Items from a data source
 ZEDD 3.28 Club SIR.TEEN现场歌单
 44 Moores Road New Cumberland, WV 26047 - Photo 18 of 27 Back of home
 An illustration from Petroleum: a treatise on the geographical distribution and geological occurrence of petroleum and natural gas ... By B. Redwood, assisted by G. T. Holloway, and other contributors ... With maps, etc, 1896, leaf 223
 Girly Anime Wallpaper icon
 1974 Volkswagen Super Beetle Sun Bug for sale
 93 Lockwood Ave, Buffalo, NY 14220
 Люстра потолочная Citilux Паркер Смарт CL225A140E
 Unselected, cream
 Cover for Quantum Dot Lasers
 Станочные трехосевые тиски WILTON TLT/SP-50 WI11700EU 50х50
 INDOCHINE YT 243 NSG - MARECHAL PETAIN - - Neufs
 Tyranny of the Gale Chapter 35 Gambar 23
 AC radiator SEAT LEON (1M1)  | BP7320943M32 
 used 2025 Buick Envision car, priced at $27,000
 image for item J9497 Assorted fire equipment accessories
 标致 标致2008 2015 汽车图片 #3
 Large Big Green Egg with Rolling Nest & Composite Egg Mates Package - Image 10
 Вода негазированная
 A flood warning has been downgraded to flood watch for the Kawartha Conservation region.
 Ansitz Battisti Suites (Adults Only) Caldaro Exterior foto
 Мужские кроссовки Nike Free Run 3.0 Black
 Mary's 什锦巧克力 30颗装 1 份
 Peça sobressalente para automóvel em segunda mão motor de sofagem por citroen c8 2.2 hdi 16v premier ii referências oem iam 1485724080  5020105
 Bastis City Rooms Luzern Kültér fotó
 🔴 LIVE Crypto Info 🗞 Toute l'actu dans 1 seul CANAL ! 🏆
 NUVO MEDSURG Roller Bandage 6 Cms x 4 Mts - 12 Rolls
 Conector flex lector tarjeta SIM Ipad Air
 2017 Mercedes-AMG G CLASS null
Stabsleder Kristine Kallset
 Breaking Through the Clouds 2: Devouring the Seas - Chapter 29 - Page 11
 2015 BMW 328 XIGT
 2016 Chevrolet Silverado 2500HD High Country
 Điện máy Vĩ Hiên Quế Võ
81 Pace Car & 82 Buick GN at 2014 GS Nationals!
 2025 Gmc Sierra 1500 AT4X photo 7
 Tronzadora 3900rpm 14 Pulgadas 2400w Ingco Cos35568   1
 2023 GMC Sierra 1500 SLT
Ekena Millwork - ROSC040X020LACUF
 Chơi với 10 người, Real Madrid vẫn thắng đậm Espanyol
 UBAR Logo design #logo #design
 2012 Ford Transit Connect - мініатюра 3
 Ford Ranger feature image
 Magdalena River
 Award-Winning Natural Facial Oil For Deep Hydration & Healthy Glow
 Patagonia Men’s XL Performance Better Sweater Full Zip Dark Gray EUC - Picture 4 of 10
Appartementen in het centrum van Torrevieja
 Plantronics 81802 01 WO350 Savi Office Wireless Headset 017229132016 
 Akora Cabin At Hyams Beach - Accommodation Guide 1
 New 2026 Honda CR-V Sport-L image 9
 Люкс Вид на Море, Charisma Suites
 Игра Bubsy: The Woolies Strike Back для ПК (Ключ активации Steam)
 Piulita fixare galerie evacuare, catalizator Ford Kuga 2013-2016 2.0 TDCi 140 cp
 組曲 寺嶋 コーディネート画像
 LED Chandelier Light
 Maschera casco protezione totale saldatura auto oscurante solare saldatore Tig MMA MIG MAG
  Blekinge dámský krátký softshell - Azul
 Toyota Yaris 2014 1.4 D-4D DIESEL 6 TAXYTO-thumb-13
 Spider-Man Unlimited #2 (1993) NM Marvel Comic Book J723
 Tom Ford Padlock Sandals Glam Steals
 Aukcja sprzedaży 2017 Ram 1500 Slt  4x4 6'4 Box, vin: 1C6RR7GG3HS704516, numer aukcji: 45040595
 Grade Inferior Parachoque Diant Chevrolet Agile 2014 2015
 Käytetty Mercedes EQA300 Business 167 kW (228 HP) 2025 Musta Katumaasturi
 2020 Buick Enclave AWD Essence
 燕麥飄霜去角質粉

- _Exercise_: Write out the records above exactly as given.

- _Task output_:
 ZEDD 3.28 Club SIR.TEEN现场歌单
 44 Moores Road New Cumberland, WV 26047 - Photo 18 of 27 Back of home
 An illustration from Petroleum: a treatise on the geographical distribution and geological occurrence of petroleum and natural gas ... By B. Redwood, assisted by G. T. Holloway, and other contributors ... With maps, etc, 1896, leaf 223
 Girly Anime Wallpaper icon
 1974 Volkswagen Super Beetle Sun Bug for sale
 93 Lockwood Ave, Buffalo, NY 14220
 Люстра потолочная Citilux Паркер Смарт CL225A140E
 Unselected, cream
 Cover for Quantum Dot Lasers
 Станочные трехосевые тиски WILTON TLT/SP-50 WI11700EU 50х50
 INDOCHINE YT 243 NSG - MARECHAL PETAIN - - Neufs
 Tyranny of the Gale Chapter 35 Gambar 23
 AC radiator SEAT LEON (1M1)  | BP7320943M32 
 used 2025 Buick Envision car, priced at $27,000
 image for item J9497 Assorted fire equipment accessories
 标致 标致2008 2015 汽车图片 #3
 Large Big Green Egg with Rolling Nest & Composite Egg Mates Package - Image 10
 Вода негазированная
 A flood warning has been downgraded to flood watch for the Kawartha Conservation region.
 Ansitz Battisti Suites (Adults Only) Caldaro Exterior foto
 Мужские кроссовки Nike Free Run 3.0 Black
 Mary's 什锦巧克力 30颗装 1 份
 Peça sobressalente para automóvel em segunda mão motor de sofagem por citroen c8 2.2 hdi 16v premier ii referências oem iam 1485724080  5020105
 Bastis City Rooms Luzern Kültér fotó
 🔴 LIVE Crypto Info 🗞 Toute l'actu dans 1 seul CANAL ! 🏆
 NUVO MEDSURG Roller Bandage 6 Cms x 4 Mts - 12 Rolls
 Conector flex lector tarjeta SIM Ipad Air
 2017 Mercedes-AMG G CLASS null
Stabsleder Kristine Kallset
 Breaking Through the Clouds 2: Devouring the Seas - Chapter 29 - Page 11
 2015 BMW 328 XIGT
 2016 Chevrolet Silverado 2500HD High Country
 Điện máy Vĩ Hiên Quế Võ
81 Pace Car & 82 Buick GN at 2014 GS Nationals!
 2025 Gmc Sierra 1500 AT4X photo 7
 Tronzadora 3900rpm 14 Pulgadas 2400w Ingco Cos35568   1
 2023 GMC Sierra 1500 SLT
Ekena Millwork - ROSC040X020LACUF
 Chơi với 10 người, Real Madrid vẫn thắng đậm Espanyol
 UBAR Logo design #logo #design
 2012 Ford Transit Connect - мініатюра 3
 Ford Ranger feature image
 Magdalena River
 Award-Winning Natural Facial Oil For Deep Hydration & Healthy Glow
 Patagonia Men’s XL Performance Better Sweater Full Zip Dark Gray EUC - Picture 4 of 10
Appartementen in het centrum van Torrevieja
 Plantronics 81802 01 WO350 Savi Office Wireless Headset 017229132016 
 Akora Cabin At Hyams Beach - Accommodation Guide 1
 New 2026 Honda CR-V Sport-L image 9
 Люкс Вид на Море, Charisma Suites
 Игра Bubsy: The Woolies Strike Back для ПК (Ключ активации Steam)
 Piulita fixare galerie evacuare, catalizator Ford Kuga 2013-2016 2.0 TDCi 140 cp
 組曲 寺嶋 コーディネート画像
 LED Chandelier Light
 Maschera casco protezione totale saldatura auto oscurante solare saldatore Tig MMA MIG MAG
  Blekinge dámský krátký softshell - Azul
 Toyota Yaris 2014 1.4 D-4D DIESEL 6 TAXYTO-thumb-13
 Spider-Man Unlimited #2 (1993) NM Marvel Comic Book J723
 Tom Ford Padlock Sandals Glam Steals
 Aukcja sprzedaży 2017 Ram 1500 Slt  4x4 6'4 Box, vin: 1C6RR7GG3HS704516, numer aukcji: 45040595
 Grade Inferior Parachoque Diant Chevrolet Agile 2014 2015
 Käytetty Mercedes EQA300 Business 167 kW (228 HP) 2025 Musta Katumaasturi
 2020 Buick Enclave AWD Essence
 燕麥飄霜去角質粉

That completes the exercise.